I forget to move tickets around the board when I’m supposed to. After working with 10+ ticketing systems for some 20 years, it’s still too alien to have to perform a manual step in a completely separate system at the same time as trying to concentrate on the development. So why not automate this process a bit?

This article is a brain dump for my future self to implement, and therefore makes a bunch of simplifying assumptions, glossing over a bunch of details and considerations like team size. Still, the central idea might be useful.

Assumptions

  • Tickets are tracked electronically, or you have a robot and sufficient time to automate your physical Kanban board 😉.
  • The ticket tracking system has a sane API.
  • Tickets all have a unique ID, so that you don’t have to do fancy heuristics to connect them to change sets.
  • You use feature branches. It would be possible to adapt this approach to trunk-based development, but it would probably require some rethinking and heuristics.
  • Each branch corresponds to exactly one ticket. This is doable if tickets are small.
  • Some work is not related to a specific ticket, and that’s OK. We have finite time, after all.

Discussion

Tickets are often created with just some hastily scribbled notes. This may be OK in a one-person team, but implicit knowledge can’t generally be inferred from such notes, so we probably want to make sure there’s separate “(not) ready [for an arbitrary developer to start working on without further context]” states. Only once the ticket is ready should anyone start working on it.

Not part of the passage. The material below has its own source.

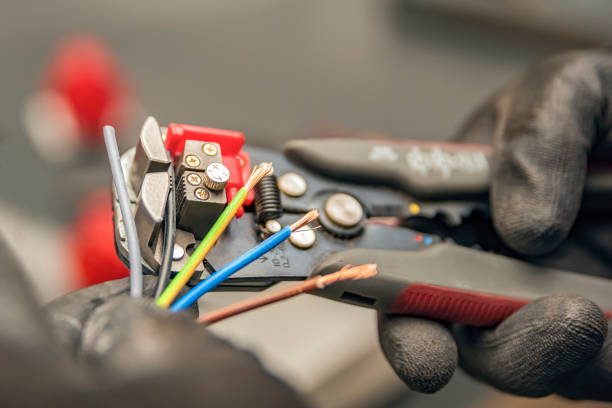 Best Industrial Electrical Services  in Giddings, TX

In standard “make the change easy, then make the easy change” fashion, feature branches mean that preparatory work such as refactoring should probably be in separate commits in the same branch as the actual feature. These commits should not be squashed when merging, since that makes reverts extremely painful.

Process

  1. Work starts when creating the branch1. This can be signalled by implementing a create-feature-branch Git alias. This alias would take just the ticket ID, then perform something like the following process:
    1. Download the ticket metadata. If it’s not in the “ready” state, either warn the user or abort, depending on the state and how strict you want to be with the process. For example, it’s probably not expected that a cancelled ticket moves into “in progress”, so any such attempt can probably be assumed to be a typo.
    2. Create a slug containing the ticket title and ID, in such a way that it’s easy to programmatically extract the ID from the slug. For example, a ticket with a title of “Alert on excess CPU use” and ID of “1234” might get a slug of “alert-on-excess-cpu-use-1234”.
    3. Create a branch with the name of the slug. As in, git branch SLUG DEFAULT_REMOTE/DEFAULT_BRANCH.
    4. Change to the new branch.
    5. Call the ticketing system API to change the ticket state to “in progress”.
  2. Create a draft merge request when pushing the first time. This could use the name of the ticket as the title. This shows how work is progressing, and should give the right idea about the fact that the branch is not ready to base other work on, because the commit history may change. Signalling that the history might change encourages atomic commits (as opposed to fix-up commits for linting issues) and a clean history through rebasing onto the target branch rather than merging from it.
  3. Move the ticket to “in review” when a merge request is no longer in draft, and/or when deployed to a user acceptance environment.
  4. Move the ticket to “in production” (often called “done”, which is misleading) when it’s been deployed to production.
  5. Move the ticket to “in use” when log monitors detect that the relevant code has been triggered.
  6. Move the ticket to “cancelled” if the branch is deleted before merging.
  7. Create a new ticket to remove the functionality when log monitors detect that the relevant code has not been triggered for a Long Time™. This might be too much work, but for a complex system it could be one way to keep the maintenance burden manageable.
  1. It might be simpler to implement a server-side hook to set the state to “in progress” when someone first pushes a branch with a ticket ID, but that pushes a lot of information-gathering much later into the process. Part of the appeal of the process above is that information is updated ASAP.